# Robert Sorby Patriot Chuck - Any Views



## wcndave (26 Apr 2012)

I have a Scheppach DMT 540, which is quite small. It came with an 80mm faceplate and a centre.

Now I want to start turning things that really need holding in jaws.

I was looking at the Sorby Patriot, as it comes with the correct M33 built in, however it's quite expensive at £170. (I can get this here in Italy, so it's top of my list at the moment).

i guess at some point i will buy extra jaws for it, and keep expanding my set. This means, if I get a bigger lathe, which I may well in 5 years or so, then if it's not M33, I will have to get another sorby to keep using accessories. Also means that I have to buy Sorby accessories to start, so I am tied in.

questions are:

is this a good chuck, for a small lathe?
are the tolerances good?
are the accessories reasonably priced?

I must admit that turning is probably my weakest area, however I am really starting to get in to it, as it's quite and quick and doesn't take much room, so when I am in middle of a cabinet and glue stress up it's nice to do a bit of turning, but I really don't know much about the nuances of the kit...


----------



## NikNak (26 Apr 2012)

Dave (?)


I've now got the Jet 1220VS which i think is a similar 'size' to your setup. 

I've also got the Patriot... came with a 1" x 16tpi as standard, plus an adapter (still in the box somewhere...).
Came with standard jaws and as yet i've had no need to buy any further jaws or accessories as you put it.
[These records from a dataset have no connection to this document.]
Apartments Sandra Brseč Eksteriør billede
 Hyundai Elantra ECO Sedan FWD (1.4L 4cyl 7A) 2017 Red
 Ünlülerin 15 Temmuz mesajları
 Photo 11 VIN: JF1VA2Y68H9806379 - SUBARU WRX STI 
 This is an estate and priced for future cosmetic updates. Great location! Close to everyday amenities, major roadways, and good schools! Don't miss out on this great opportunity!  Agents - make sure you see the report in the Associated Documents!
But still manage to do bowls, box's, egg cups, blah blah blah.....

£170 seems excessive.... :shock: i know you're in Italy but can you not get one shipped out..?



Nick


----------



## wcndave (26 Apr 2012)

£126 at toolpost, add on say £15 for delivery, that's £140 = 163 euro vs 190 euro here, so i guess i could do. Sometimes things take a month or get lost, that's my only concern....


----------



## wcndave (26 Apr 2012)

Ah, the 190 euros is without VAT, so I think an order from toolpost may be "in order".

I assume the 2" jaws do bowls up to about 10" which is pretty much my max capacity on lathe anyway, so may not need other accessories, was actually thinking i might need the smaller ones at some point, as tend to do more fine work right now...


----------



## jumps (26 Apr 2012)

wcndave":3kesti1m said:


> Ah, the 190 euros is without VAT, so I think an order from toolpost may be "in order".
> 
> I assume the 2" jaws do bowls up to about 10" which is pretty much my max capacity on lathe anyway, so may not need other accessories, was actually thinking i might need the smaller ones at some point, as tend to do more fine work right now...



I do a fairly mixed bag of turning, and find that I use the 50mm jaws about 60% of the time, 25mm 30% and 90mm 10% which tends to support your assessment.

I think you will find that there are other jaws that will fit that chuck, but all attempts to produce a meaningfull compatability chart seem doomed for some reason! Others may be able to advise. Given the investment, and your shipping issues, I would be tempted to add a 25mm to your initial order.


----------



## wcndave (26 Apr 2012)

Good idea, I was looking at the 1" pin jaws as often i need to hold thin narrow pieces and the extra length might help - tried those?


----------



## wcndave (26 Apr 2012)

LOL, at toolpost it's 126, however + VAT and £40 delivery, makes it £190 - so the same both ways...


----------



## jumps (26 Apr 2012)

wcndave":2fuy22s4 said:


> Good idea, I was looking at the 1" pin jaws as often i need to hold thin narrow pieces and the extra length might help - tried those?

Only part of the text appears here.